Exactly as they appear below, repeat the lines from the one with "Thumbnail 2 in" through the one with "Via Internet-Telefonat unterhielt". Drop every picture.

### Available data
[Start of section]
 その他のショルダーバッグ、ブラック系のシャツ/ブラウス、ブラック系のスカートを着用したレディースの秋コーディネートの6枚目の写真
[End of section]
[Start of section]
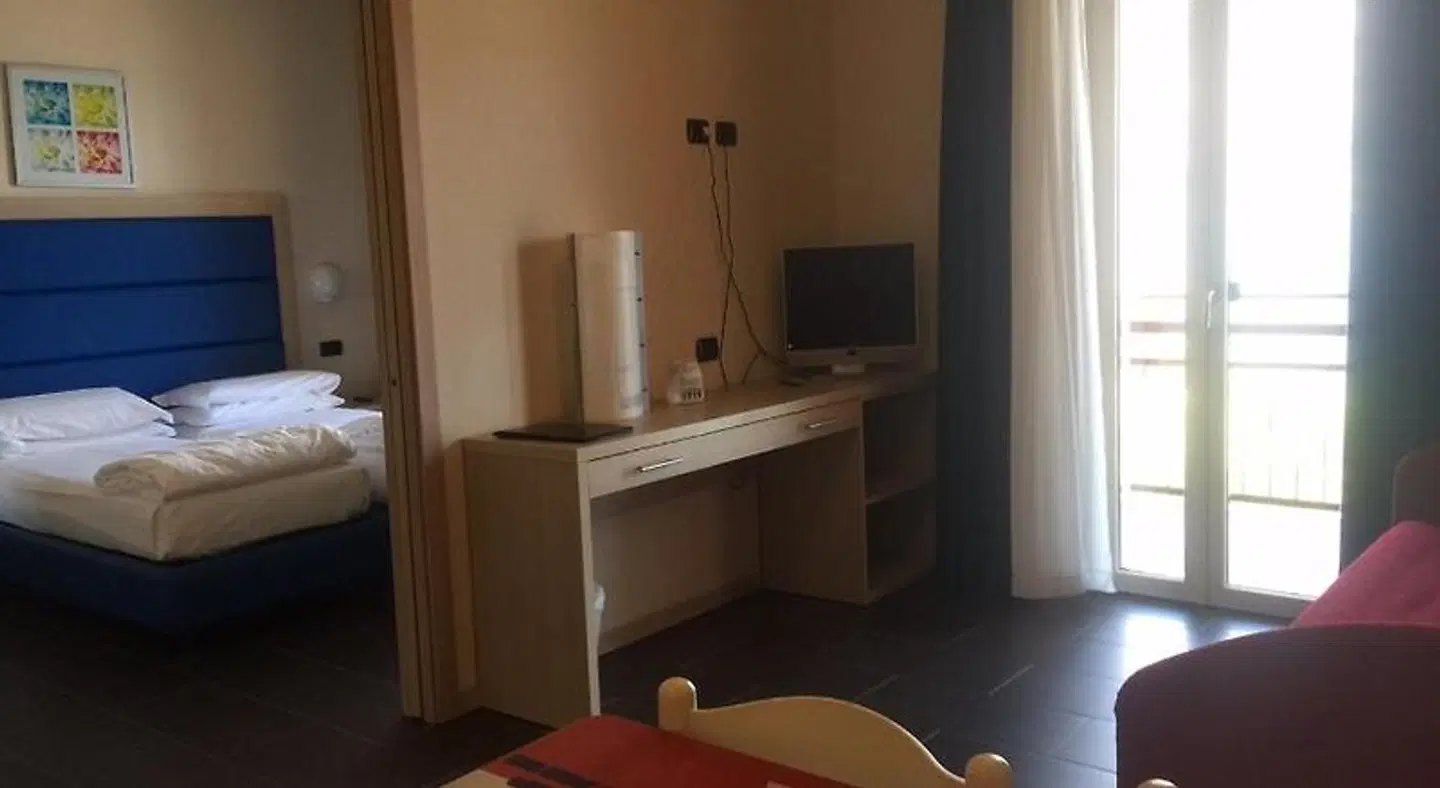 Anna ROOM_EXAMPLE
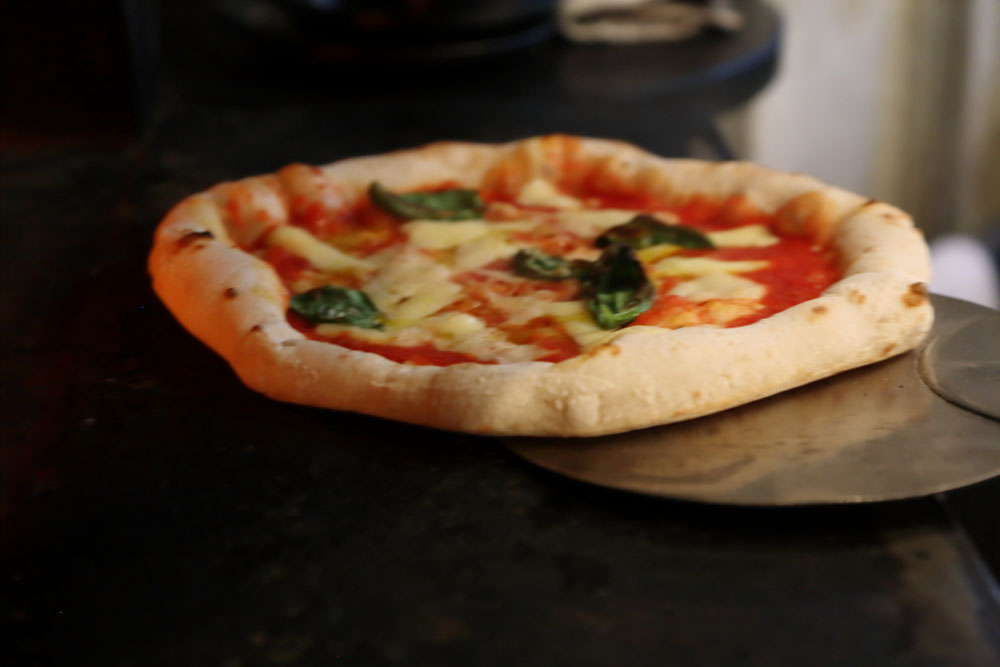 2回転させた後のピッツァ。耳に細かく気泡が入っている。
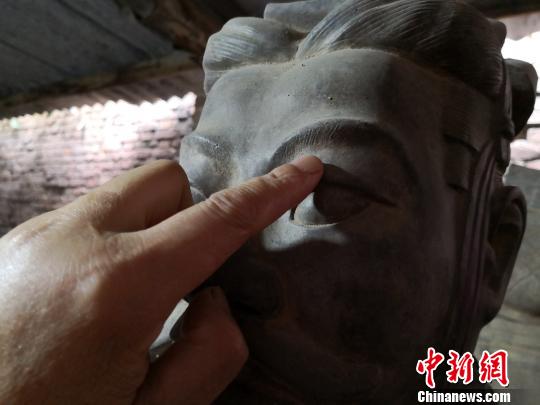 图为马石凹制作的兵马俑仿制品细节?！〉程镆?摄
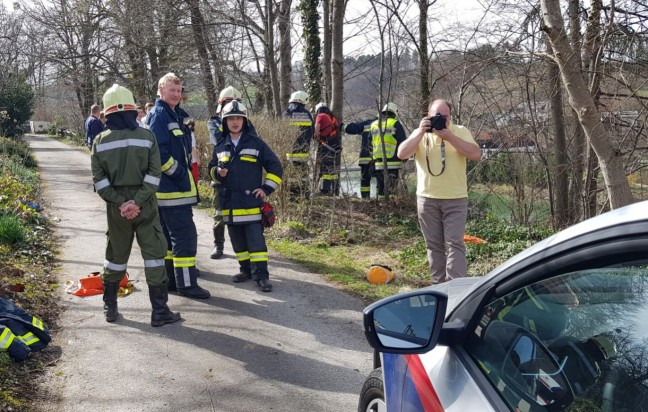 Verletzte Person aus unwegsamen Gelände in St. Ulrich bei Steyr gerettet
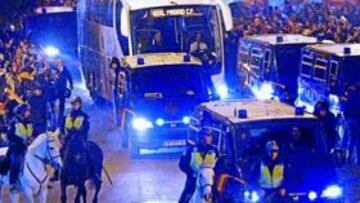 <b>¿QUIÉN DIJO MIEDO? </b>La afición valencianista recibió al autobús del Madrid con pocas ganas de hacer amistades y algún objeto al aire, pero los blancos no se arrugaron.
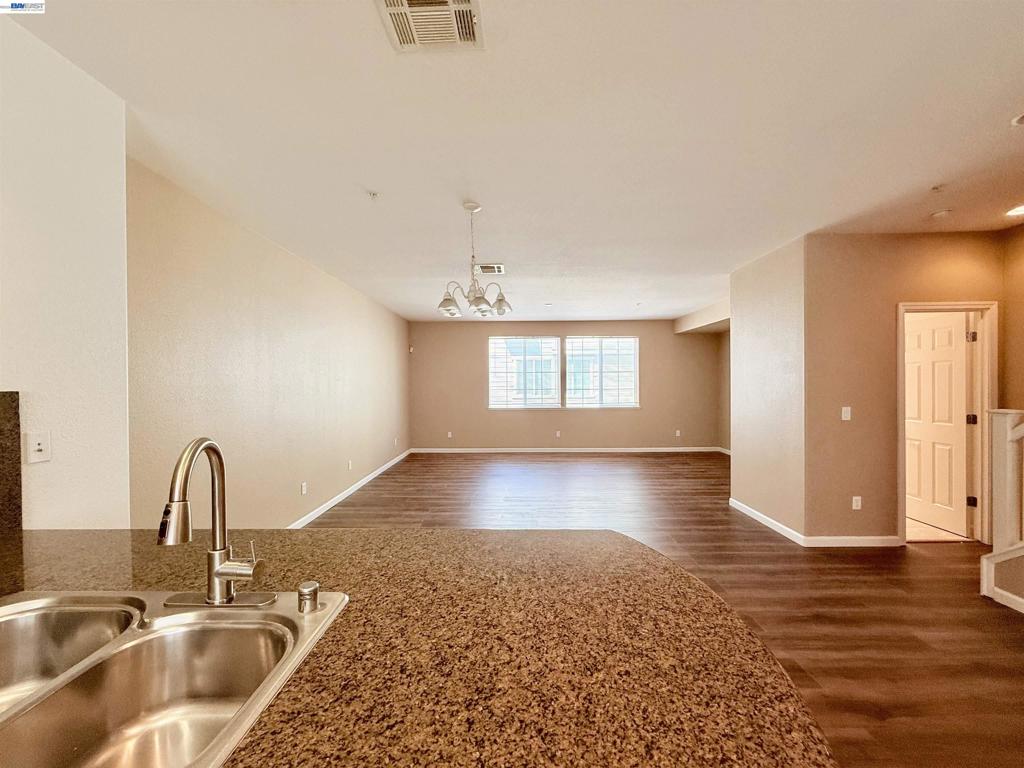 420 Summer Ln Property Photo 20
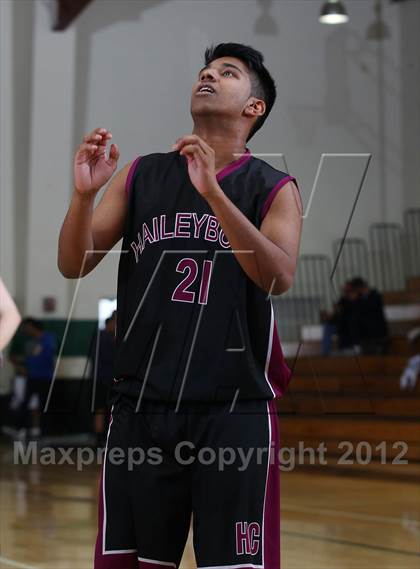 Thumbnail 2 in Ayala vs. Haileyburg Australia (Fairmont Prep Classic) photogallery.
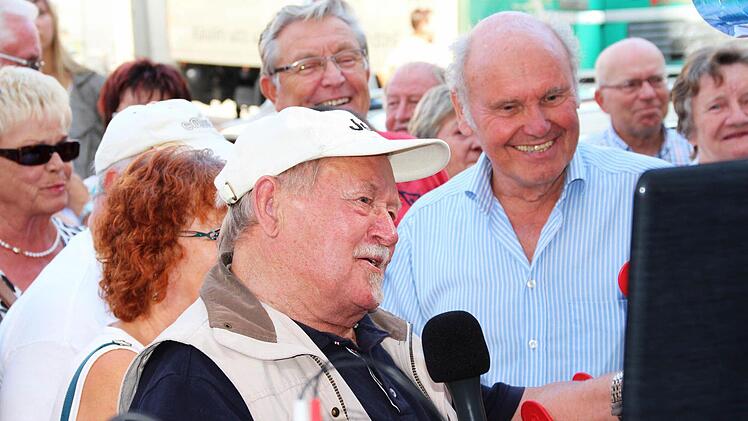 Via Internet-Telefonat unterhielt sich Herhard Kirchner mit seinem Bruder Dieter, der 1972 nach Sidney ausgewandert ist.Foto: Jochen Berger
[End of section]
### Answer space
 Thumbnail 2 in Ayala vs. Haileyburg Australia (Fairmont Prep Classic) photogallery.
 Via Internet-Telefonat unterhielt sich Herhard Kirchner mit seinem Bruder Dieter, der 1972 nach Sidney ausgewandert ist.Foto: Jochen Berger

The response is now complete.